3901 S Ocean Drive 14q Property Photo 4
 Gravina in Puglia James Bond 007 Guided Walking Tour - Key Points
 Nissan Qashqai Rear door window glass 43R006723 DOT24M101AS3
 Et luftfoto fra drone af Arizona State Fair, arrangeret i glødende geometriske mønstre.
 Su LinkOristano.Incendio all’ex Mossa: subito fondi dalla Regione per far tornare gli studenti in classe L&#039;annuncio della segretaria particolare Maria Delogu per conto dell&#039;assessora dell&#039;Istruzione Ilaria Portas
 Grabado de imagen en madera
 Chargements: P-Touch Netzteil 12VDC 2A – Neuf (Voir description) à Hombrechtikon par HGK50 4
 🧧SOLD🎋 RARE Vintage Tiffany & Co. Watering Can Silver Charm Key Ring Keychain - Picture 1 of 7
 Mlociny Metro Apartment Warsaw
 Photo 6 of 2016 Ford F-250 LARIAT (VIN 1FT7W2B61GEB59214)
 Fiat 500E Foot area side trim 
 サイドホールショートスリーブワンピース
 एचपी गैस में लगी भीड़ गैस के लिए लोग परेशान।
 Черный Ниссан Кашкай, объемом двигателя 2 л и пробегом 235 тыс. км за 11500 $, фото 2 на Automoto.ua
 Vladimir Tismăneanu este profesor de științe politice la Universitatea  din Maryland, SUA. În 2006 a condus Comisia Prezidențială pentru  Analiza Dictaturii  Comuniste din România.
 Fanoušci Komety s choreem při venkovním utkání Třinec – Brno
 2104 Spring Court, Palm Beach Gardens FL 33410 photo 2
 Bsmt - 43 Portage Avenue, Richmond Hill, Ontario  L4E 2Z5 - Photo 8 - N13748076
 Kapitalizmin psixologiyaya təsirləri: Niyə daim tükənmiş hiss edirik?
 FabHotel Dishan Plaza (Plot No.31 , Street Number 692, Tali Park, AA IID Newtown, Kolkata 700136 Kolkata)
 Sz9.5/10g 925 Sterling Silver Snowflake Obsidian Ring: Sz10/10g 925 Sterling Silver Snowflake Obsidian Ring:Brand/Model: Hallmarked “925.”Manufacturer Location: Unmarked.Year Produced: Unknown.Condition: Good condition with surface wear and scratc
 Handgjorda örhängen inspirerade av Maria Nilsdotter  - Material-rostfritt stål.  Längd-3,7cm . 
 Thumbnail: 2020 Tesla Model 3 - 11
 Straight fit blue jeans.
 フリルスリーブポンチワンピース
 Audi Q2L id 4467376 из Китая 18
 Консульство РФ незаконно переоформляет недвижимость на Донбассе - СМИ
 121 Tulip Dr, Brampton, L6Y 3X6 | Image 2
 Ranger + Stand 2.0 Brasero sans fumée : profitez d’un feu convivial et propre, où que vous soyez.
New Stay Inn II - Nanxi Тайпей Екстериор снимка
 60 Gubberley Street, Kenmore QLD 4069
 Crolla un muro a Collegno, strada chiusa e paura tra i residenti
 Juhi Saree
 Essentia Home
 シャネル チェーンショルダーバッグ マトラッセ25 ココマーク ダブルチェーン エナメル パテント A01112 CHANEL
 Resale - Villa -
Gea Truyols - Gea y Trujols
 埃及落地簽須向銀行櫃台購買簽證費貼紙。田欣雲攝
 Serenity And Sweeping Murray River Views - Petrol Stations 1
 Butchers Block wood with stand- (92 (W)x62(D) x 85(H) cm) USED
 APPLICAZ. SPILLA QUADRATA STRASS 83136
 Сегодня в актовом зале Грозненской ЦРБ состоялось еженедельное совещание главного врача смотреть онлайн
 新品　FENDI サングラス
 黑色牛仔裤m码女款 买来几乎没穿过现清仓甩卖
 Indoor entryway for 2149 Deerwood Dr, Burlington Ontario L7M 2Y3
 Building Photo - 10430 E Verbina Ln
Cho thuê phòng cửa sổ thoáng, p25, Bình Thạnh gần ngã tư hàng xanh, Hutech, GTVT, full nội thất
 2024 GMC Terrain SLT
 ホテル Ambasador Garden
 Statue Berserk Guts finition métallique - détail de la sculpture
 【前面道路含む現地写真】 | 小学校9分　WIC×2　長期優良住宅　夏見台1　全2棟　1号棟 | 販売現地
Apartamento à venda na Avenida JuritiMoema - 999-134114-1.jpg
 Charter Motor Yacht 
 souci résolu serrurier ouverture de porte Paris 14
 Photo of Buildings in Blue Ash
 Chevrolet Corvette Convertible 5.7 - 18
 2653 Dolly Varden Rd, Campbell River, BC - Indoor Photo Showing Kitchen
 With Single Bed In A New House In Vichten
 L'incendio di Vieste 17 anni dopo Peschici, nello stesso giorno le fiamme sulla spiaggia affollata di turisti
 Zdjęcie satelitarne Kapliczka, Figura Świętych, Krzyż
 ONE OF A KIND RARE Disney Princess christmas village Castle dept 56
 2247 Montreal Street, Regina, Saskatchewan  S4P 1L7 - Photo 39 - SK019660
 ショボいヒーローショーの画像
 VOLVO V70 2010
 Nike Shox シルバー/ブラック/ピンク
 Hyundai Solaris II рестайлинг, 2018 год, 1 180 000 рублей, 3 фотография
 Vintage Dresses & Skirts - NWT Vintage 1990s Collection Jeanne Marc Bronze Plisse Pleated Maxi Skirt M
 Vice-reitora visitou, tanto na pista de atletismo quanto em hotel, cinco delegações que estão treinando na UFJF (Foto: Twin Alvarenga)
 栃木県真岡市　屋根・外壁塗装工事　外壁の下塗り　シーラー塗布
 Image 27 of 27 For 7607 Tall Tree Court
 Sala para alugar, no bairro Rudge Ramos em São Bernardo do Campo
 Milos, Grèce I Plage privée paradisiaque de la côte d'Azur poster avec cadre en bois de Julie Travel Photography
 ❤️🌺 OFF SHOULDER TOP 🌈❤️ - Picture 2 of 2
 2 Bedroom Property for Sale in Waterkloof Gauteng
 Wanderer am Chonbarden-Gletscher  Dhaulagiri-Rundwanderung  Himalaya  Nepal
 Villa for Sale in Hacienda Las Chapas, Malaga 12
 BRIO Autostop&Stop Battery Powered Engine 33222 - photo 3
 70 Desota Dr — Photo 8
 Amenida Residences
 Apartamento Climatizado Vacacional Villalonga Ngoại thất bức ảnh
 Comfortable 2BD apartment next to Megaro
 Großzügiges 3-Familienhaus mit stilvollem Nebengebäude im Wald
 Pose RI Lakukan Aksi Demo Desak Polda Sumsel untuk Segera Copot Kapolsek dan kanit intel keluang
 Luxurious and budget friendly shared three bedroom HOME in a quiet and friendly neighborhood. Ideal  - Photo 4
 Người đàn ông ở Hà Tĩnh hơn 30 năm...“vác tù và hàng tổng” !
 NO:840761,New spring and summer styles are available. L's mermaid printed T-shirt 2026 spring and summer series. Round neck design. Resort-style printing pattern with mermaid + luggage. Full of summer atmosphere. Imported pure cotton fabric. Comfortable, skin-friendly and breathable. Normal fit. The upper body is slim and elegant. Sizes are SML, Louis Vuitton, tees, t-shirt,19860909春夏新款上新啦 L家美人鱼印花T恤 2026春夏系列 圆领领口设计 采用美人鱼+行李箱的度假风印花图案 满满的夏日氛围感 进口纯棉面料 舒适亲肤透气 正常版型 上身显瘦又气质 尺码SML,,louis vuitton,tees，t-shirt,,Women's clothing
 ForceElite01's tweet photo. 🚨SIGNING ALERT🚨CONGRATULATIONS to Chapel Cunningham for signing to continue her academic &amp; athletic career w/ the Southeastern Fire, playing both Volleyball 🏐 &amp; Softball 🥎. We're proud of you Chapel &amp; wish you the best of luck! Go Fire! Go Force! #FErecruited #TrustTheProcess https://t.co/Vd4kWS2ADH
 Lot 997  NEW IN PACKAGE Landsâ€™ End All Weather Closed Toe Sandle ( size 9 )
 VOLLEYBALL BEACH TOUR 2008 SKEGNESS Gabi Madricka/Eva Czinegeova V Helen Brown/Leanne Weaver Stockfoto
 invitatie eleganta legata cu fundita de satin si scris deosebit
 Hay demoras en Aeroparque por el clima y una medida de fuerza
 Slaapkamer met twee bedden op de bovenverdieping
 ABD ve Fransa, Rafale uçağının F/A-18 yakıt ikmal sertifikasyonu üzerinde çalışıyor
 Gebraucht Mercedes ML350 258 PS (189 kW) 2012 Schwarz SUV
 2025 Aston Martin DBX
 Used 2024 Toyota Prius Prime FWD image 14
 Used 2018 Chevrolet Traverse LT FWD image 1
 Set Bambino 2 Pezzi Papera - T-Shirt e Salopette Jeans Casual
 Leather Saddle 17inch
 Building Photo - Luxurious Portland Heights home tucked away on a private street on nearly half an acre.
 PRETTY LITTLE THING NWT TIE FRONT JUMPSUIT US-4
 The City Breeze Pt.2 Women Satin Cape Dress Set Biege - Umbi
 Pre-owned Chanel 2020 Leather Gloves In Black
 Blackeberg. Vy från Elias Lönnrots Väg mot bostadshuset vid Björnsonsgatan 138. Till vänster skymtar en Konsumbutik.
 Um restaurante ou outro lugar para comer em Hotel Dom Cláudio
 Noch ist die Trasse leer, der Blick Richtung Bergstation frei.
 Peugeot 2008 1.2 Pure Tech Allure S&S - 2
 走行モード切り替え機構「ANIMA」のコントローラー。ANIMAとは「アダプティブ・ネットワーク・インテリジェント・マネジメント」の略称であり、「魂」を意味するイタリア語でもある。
□ □ □ □ □
_Work order_
For every line above with the word "Ontario" in it, make a copy.

_Response to the exercise_
 Bsmt - 43 Portage Avenue, Richmond Hill, Ontario  L4E 2Z5 - Photo 8 - N13748076
 Indoor entryway for 2149 Deerwood Dr, Burlington Ontario L7M 2Y3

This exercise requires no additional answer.